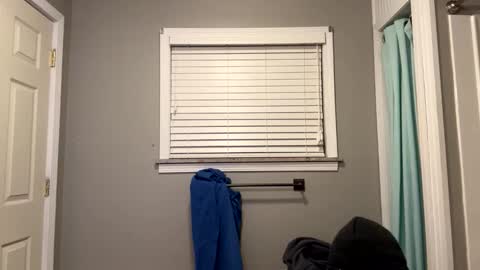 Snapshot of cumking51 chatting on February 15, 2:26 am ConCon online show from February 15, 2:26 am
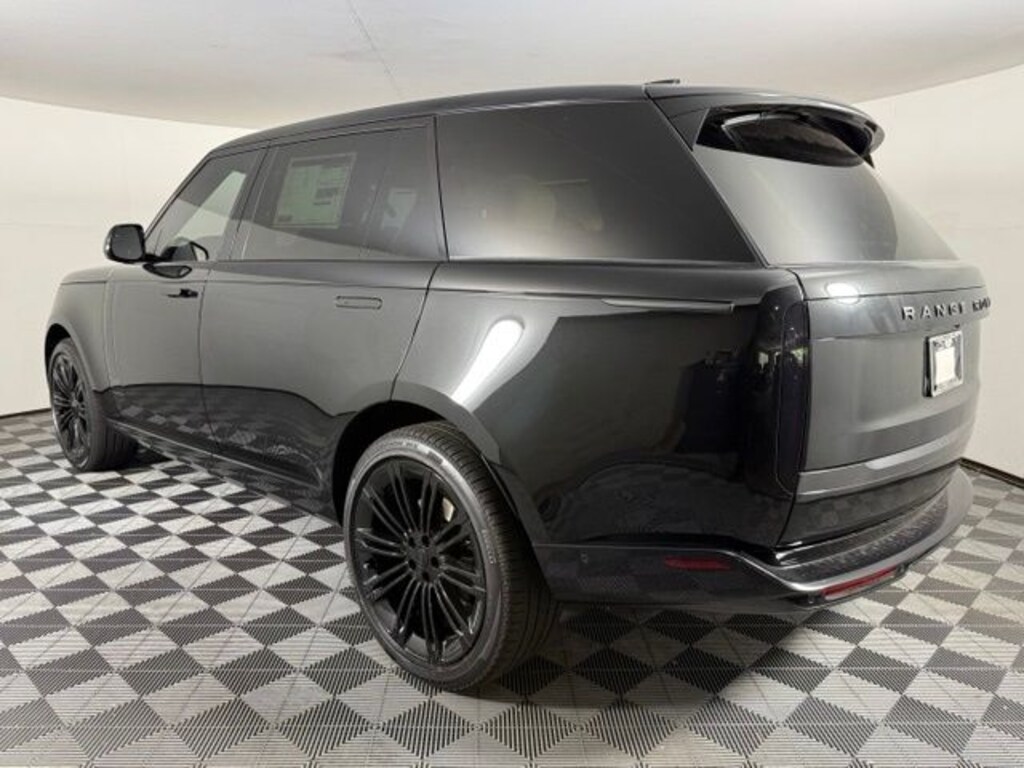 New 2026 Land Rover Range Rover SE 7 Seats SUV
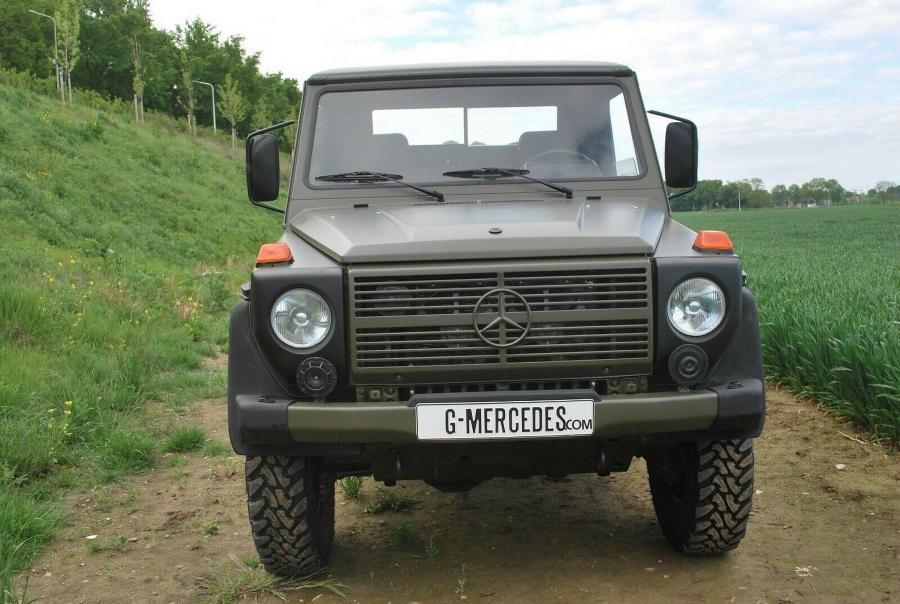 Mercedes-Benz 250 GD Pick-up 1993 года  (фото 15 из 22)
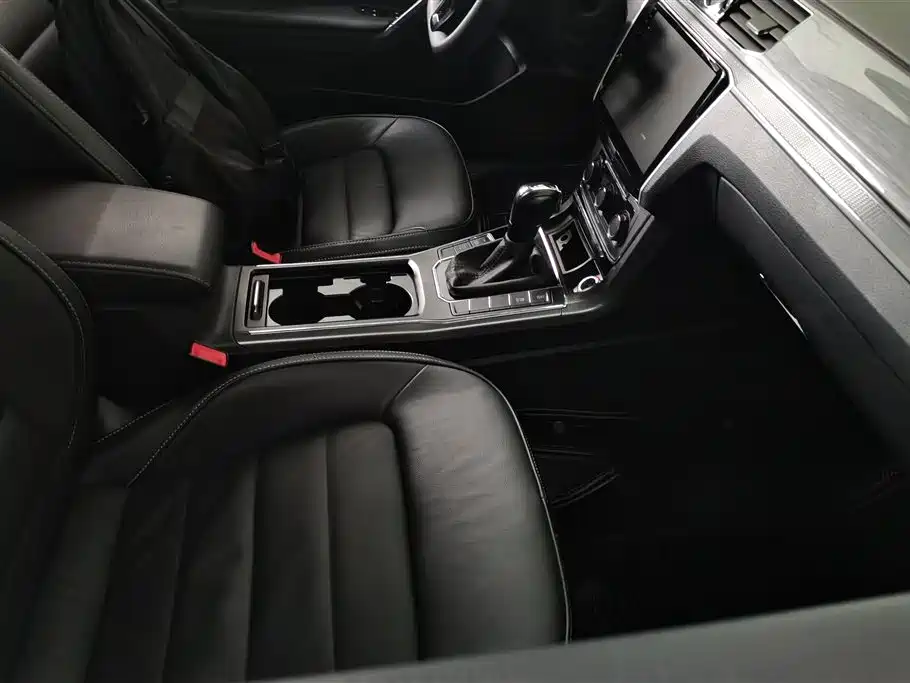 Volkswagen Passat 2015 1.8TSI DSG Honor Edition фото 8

**********

▸ WHAT TO PRODUCE: In transcribing the listing, keep each word as it is and drop the pictures.

▸ SOLVED EXERCISE:
 Snapshot of cumking51 chatting on February 15, 2:26 am ConCon online show from February 15, 2:26 am
 New 2026 Land Rover Range Rover SE 7 Seats SUV
 Mercedes-Benz 250 GD Pick-up 1993 года  (фото 15 из 22)
 Volkswagen Passat 2015 1.8TSI DSG Honor Edition фото 8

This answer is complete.